A genealogy researcher—now living in Columbus, Ohio—had grown up in upstate New York, her home containing a large framed photograph with eight men from the late 1800s. The family legend was that these seven brothers and their father had gone to talk to President Lincoln, and that their name was Campbell or DeCamp and they lived in Ohio.
She entered the search phrase (campbell or decamp) and family and ohio in WorldCat and found a citation for a Record of the descendants of Ezekiel and Mary Baker DeCamp of Butler County, Ohio. Since the Baker name appeared, and since WorldCat indicated that a copy of this item was in the Cincinnati Historical Society Library, she drove the two hours from Columbus to Cincinnati to look at the book.
She found that not only was Mary Baker DeCamp the sister of her great-great-great-grandmother, Phoebe Hedges Baker Marsh, but also discovered a reproduction of the same photograph from her childhood home. The book detailed the story of how these eight DeCamp brothers visited and talked with President Lincoln, after being introduced to him by a local judge:
“The President cordially shook hands with each one, saying a kindly word to each, and when he came to Job, the youngest, the President remarked that he envied him his name, as he needed patience. Job wittily replied "But you have a better name already—Abraham, the father of the faithful.”

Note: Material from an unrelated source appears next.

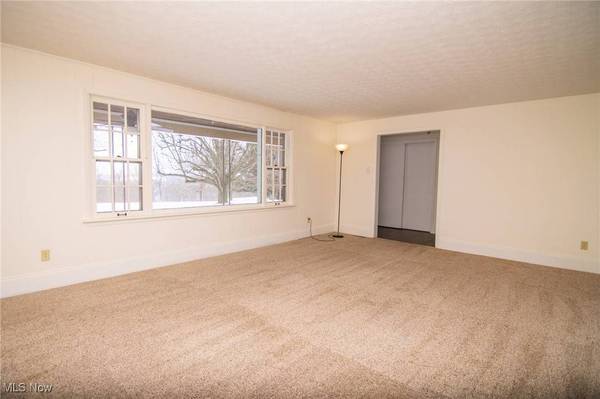 67061 Mills RD, St Clairsville, OH 43950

Knowing that two of her mother's linked family names are Marsh and Baker, the same researcher used marsh and baker and family as keywords in the WorldCat database within FirstSearch. One of the results was Genealogy: The Pierson family, the Marsh family, the Clark family, the Baker family, an apparently self-published history by one Arthur N. Pierson.

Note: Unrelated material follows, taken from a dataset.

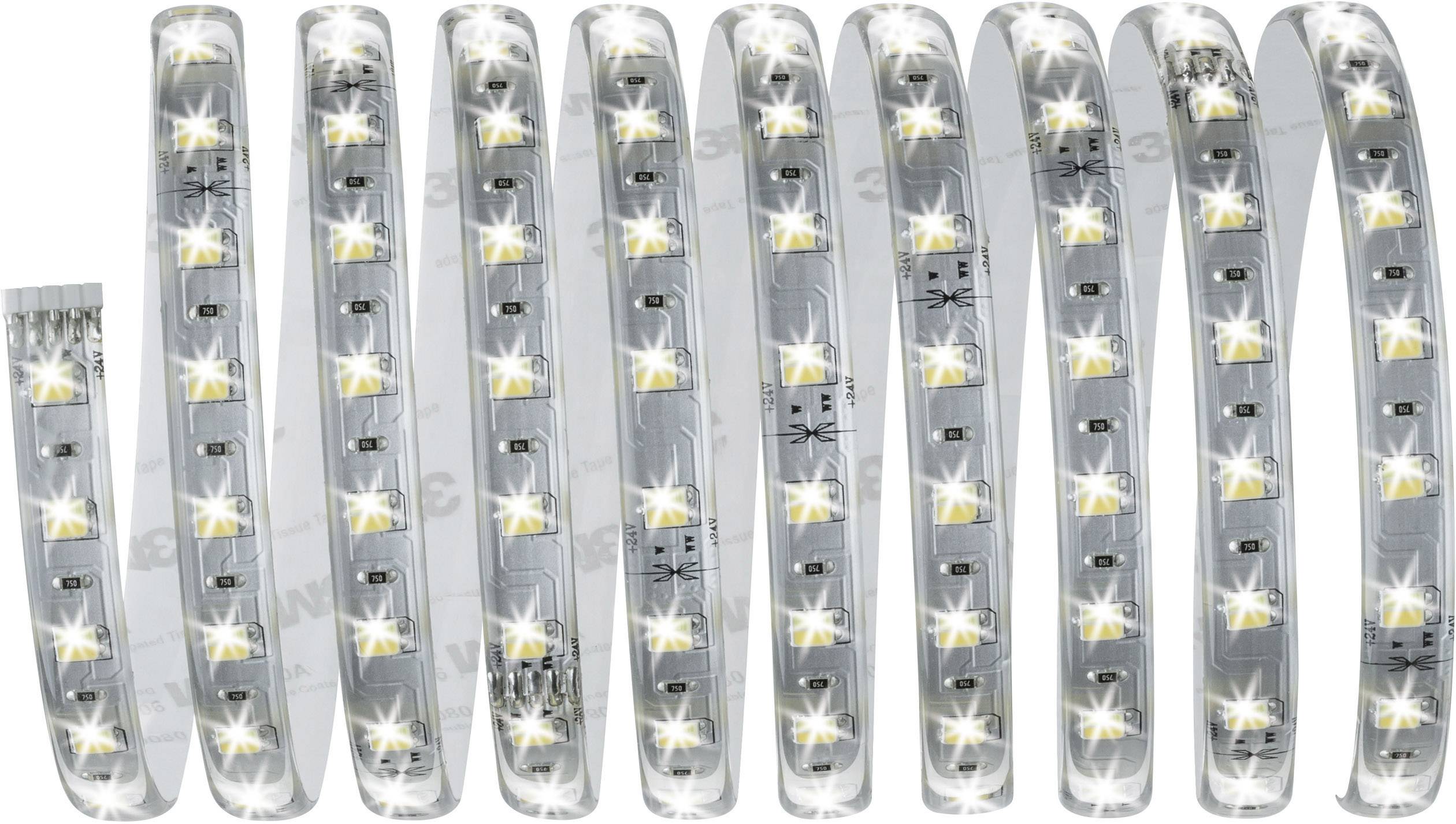 LED světelná lišta s několika svítícími LED diodami, flexibilně ohnutá, ukazující LED technologii pro dekorativní nebo funkční osvětlení.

Looking at the detailed record for this item, she saw that the city of Westfield in New Jersey was cited as the location of these families. Her mother's family had come from this area, so it seemed likely that this had information about her ancestors. Based on the holdings information in WorldCat, she was able to tell that the history wasn't held in a nearby library, but that it had been cataloged as a reproduction from University Microfilms International (now UMI®). She ordered a copy, and it included a hand-drawn map of Westfield from the 1700s that depicts the homes of several ancestors.